Copy exactly, beginning with the line holding "Strawberry Bookmark" and ending with the final line of the data beneath this task; copy nothing else, and leave out every picture.

***** EXERCISE MATERIALS

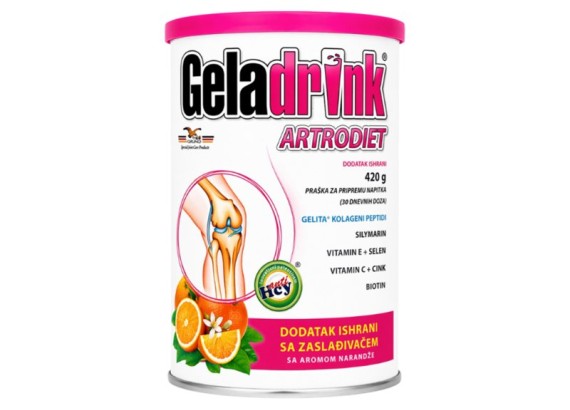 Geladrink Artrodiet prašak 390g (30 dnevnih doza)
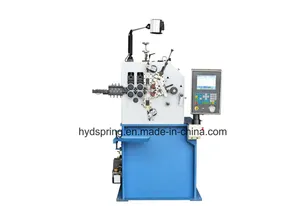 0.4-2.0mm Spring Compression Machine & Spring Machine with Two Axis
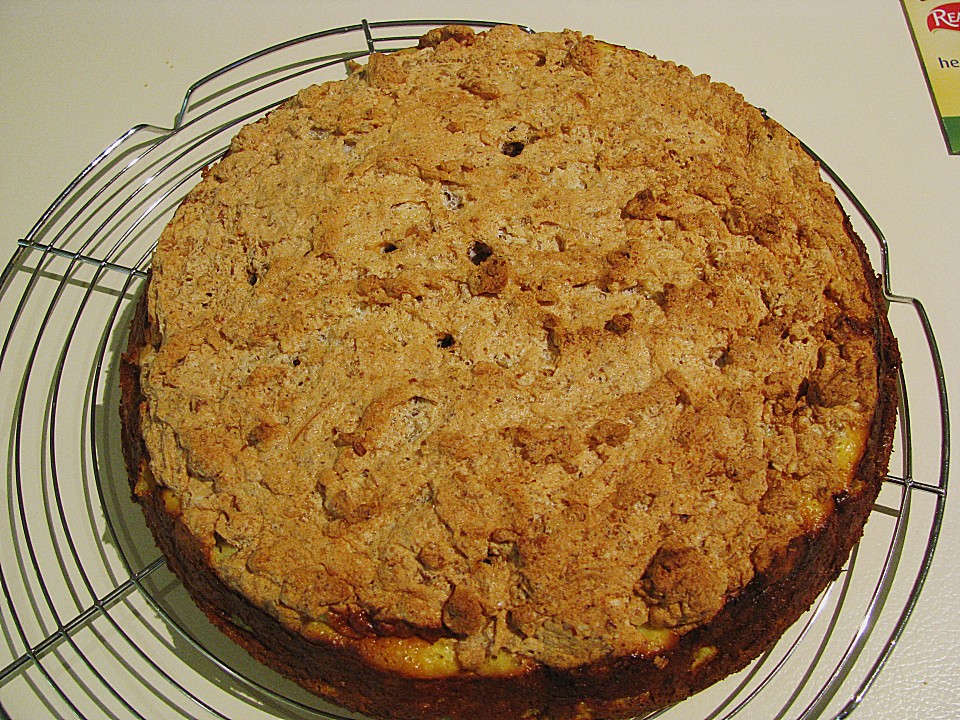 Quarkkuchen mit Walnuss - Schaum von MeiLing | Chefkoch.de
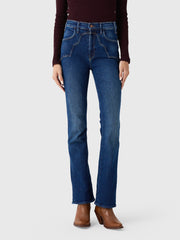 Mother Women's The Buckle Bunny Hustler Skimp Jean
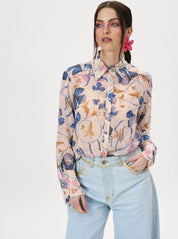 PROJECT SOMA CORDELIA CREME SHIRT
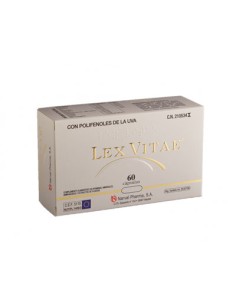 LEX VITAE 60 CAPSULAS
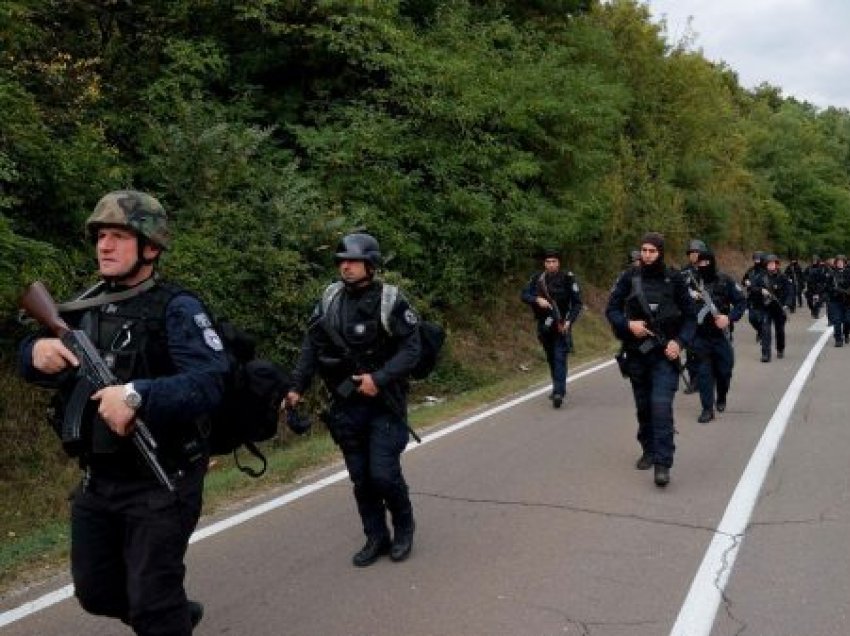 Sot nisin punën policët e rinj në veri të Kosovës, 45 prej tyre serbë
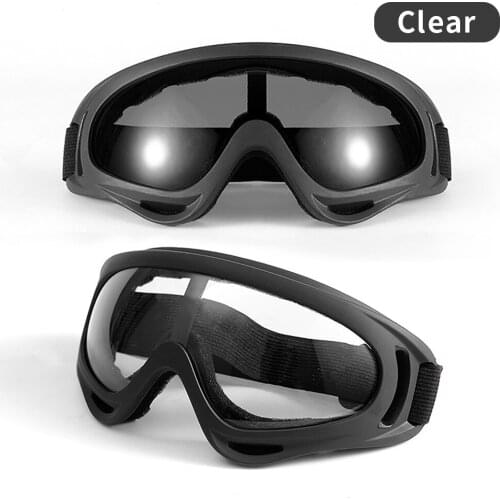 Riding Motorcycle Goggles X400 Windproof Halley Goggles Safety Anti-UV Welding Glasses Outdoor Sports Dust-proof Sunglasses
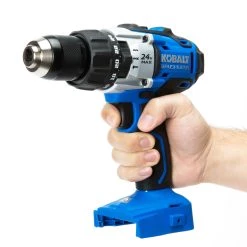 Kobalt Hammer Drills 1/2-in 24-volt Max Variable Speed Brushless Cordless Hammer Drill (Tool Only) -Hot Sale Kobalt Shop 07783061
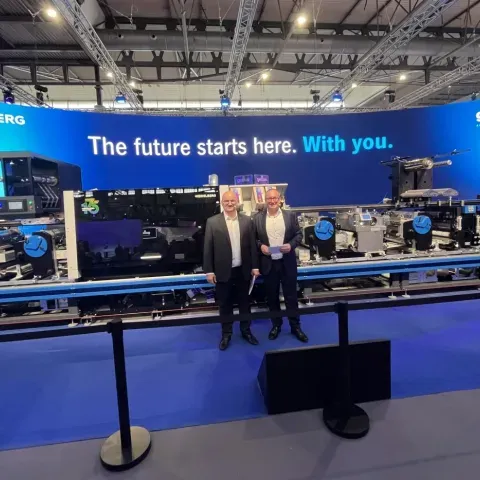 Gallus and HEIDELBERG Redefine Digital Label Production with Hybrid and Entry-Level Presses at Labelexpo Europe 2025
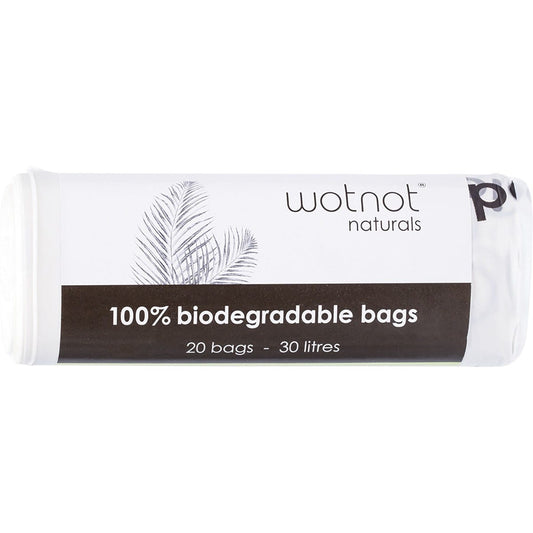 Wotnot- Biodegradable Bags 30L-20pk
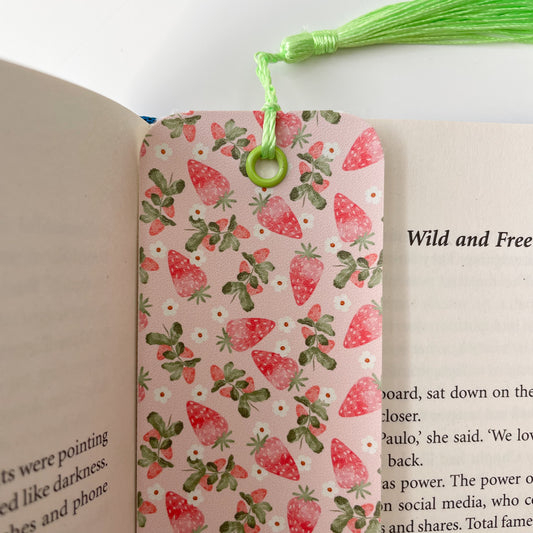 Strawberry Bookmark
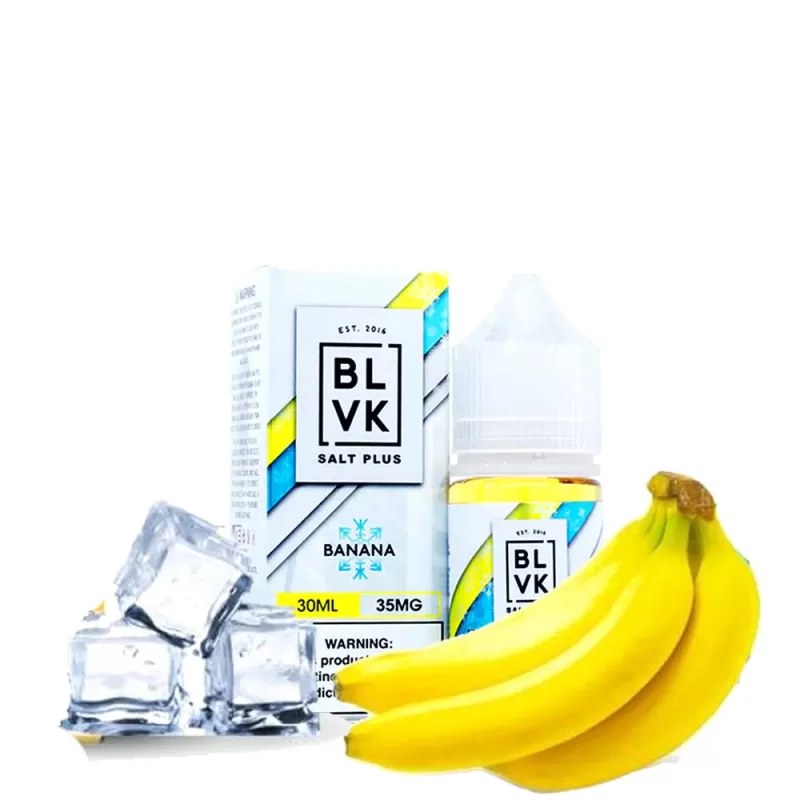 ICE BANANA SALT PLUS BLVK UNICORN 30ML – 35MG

**********

* EXPECTED OUTPUT:
 Strawberry Bookmark
 ICE BANANA SALT PLUS BLVK UNICORN 30ML – 35MG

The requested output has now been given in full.